▸ Activity: No pictures are to be included when the entries below are reproduced exactly.

▸ Data provided:
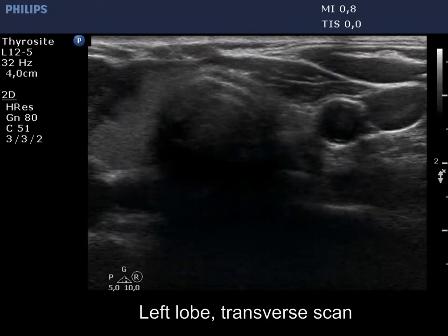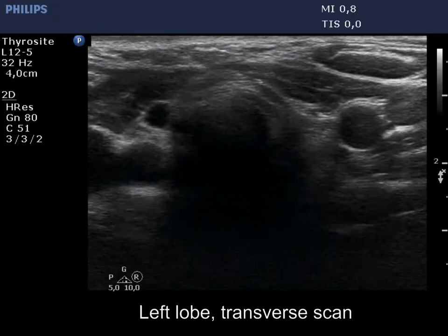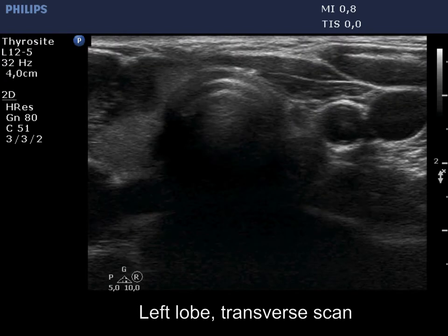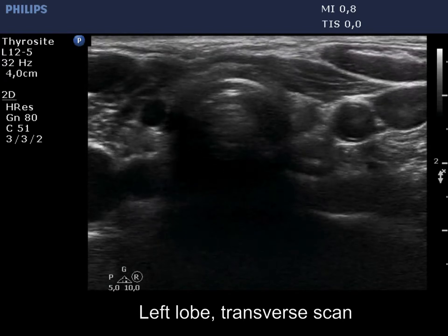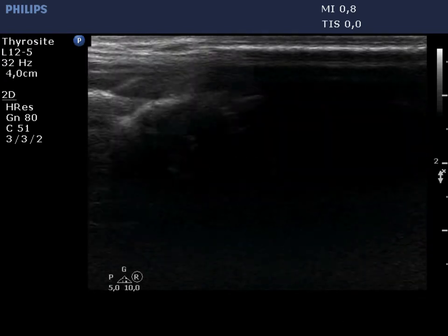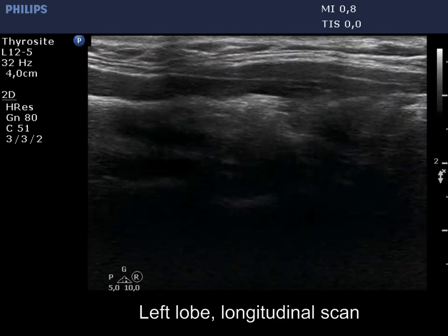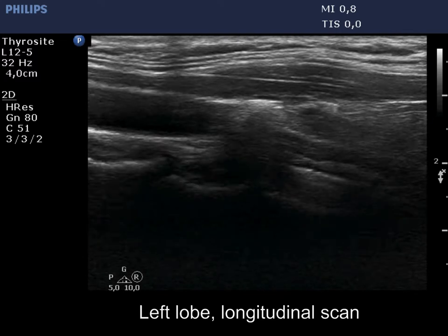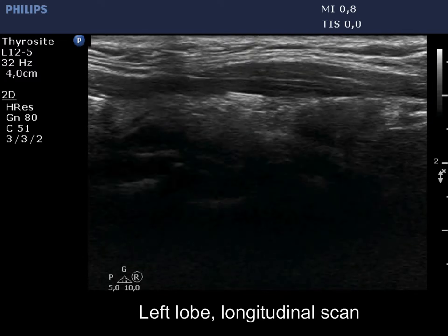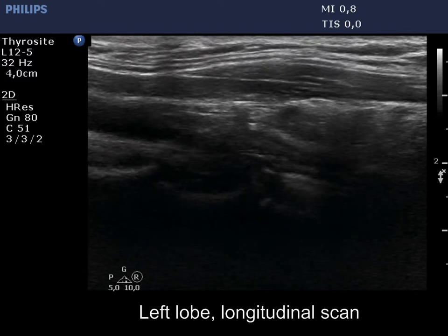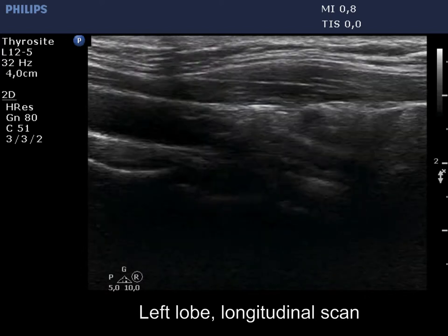The left thyroid bed is filled with connective tissue. There is a small hypoechoic, discrete lesion within. It became evident on longitudinal scan that this cannot be a muscle fiber; this corresponds to thyroid remnant.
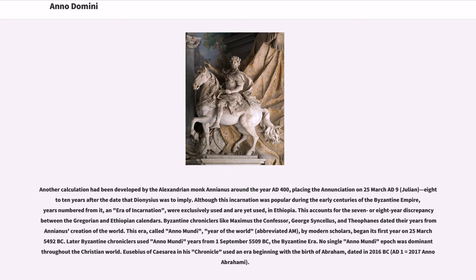Byzantine chroniclers like Maximus the Confessor, George Syncellus, and Theophanes dated their years from Annianus's creation of the world. This era, called Anomondi — Year of the World, abbreviated AM by modern scholars — began its first year on 25 March 5492 BC. Later Byzantine chroniclers used Anomondi years from 1st of September 5509 BC, the Byzantine era. No single Anomondi epoch was dominant throughout the Christian world.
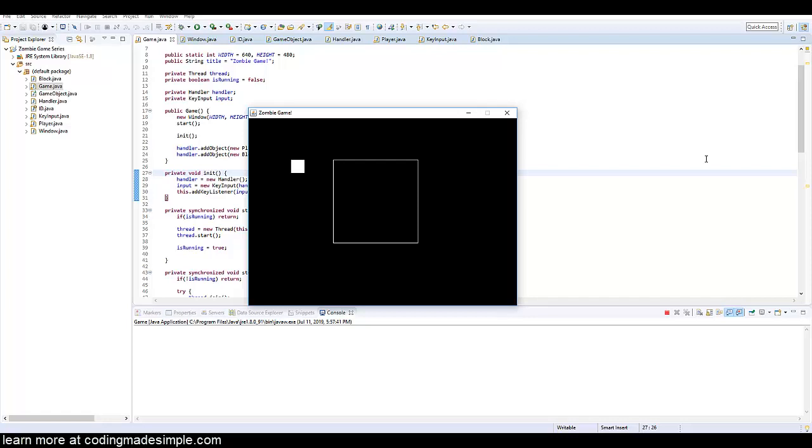What's going on guys? RealtouchGML here from CodyMadeSimple.com and today I'm going to be showing you how to do a perfect collision system, a four-way collision system in Java.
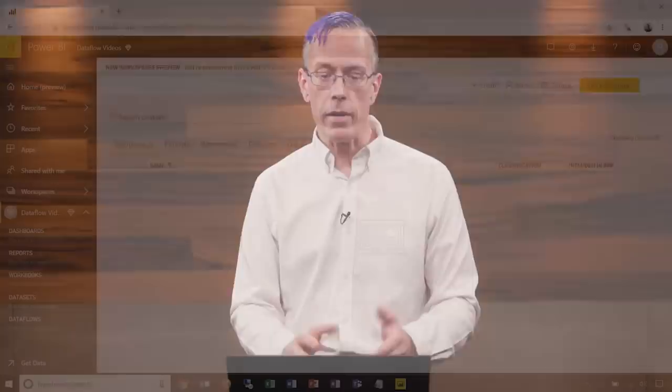Greetings, everyone. My name is Matthew Roach. I'm a Program Manager on the Power BI team at Microsoft, and I'm here to talk to you about data flows, an exciting new capability for self-service data preparation coming in preview to Power BI. Instead of spending a lot of time talking, let's jump right in and take a look at a demo to see data flows at work.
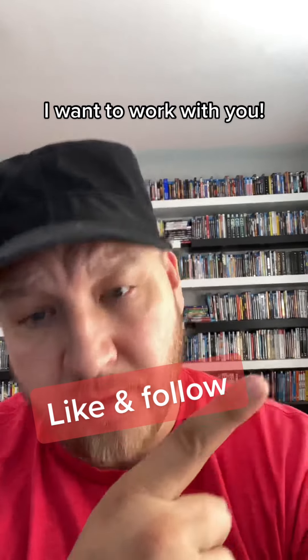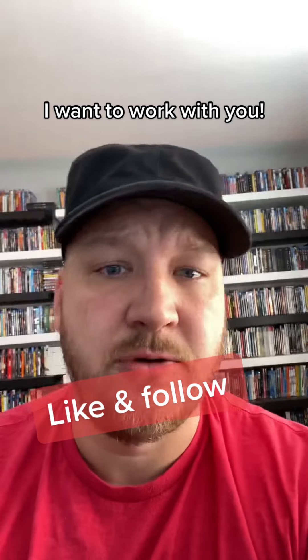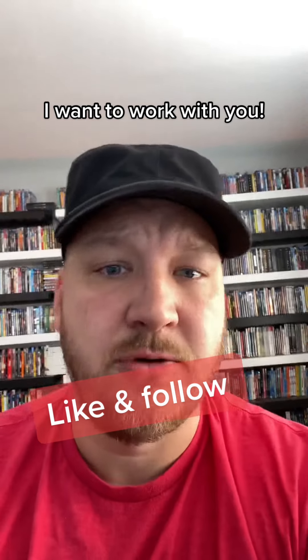Now if you made it this far, congratulations. If you're seeing this, then I know you'll be successful and I want to work with you. So drop me a follow.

▸ Final answer:
The left thyroid bed is filled with connective tissue. There is a small hypoechoic, discrete lesion within. It became evident on longitudinal scan that this cannot be a muscle fiber; this corresponds to thyroid remnant.
Byzantine chroniclers like Maximus the Confessor, George Syncellus, and Theophanes dated their years from Annianus's creation of the world. This era, called Anomondi — Year of the World, abbreviated AM by modern scholars — began its first year on 25 March 5492 BC. Later Byzantine chroniclers used Anomondi years from 1st of September 5509 BC, the Byzantine era. No single Anomondi epoch was dominant throughout the Christian world.
What's going on guys? RealtouchGML here from CodyMadeSimple.com and today I'm going to be showing you how to do a perfect collision system, a four-way collision system in Java.
Greetings, everyone. My name is Matthew Roach. I'm a Program Manager on the Power BI team at Microsoft, and I'm here to talk to you about data flows, an exciting new capability for self-service data preparation coming in preview to Power BI. Instead of spending a lot of time talking, let's jump right in and take a look at a demo to see data flows at work.
Now if you made it this far, congratulations. If you're seeing this, then I know you'll be successful and I want to work with you. So drop me a follow.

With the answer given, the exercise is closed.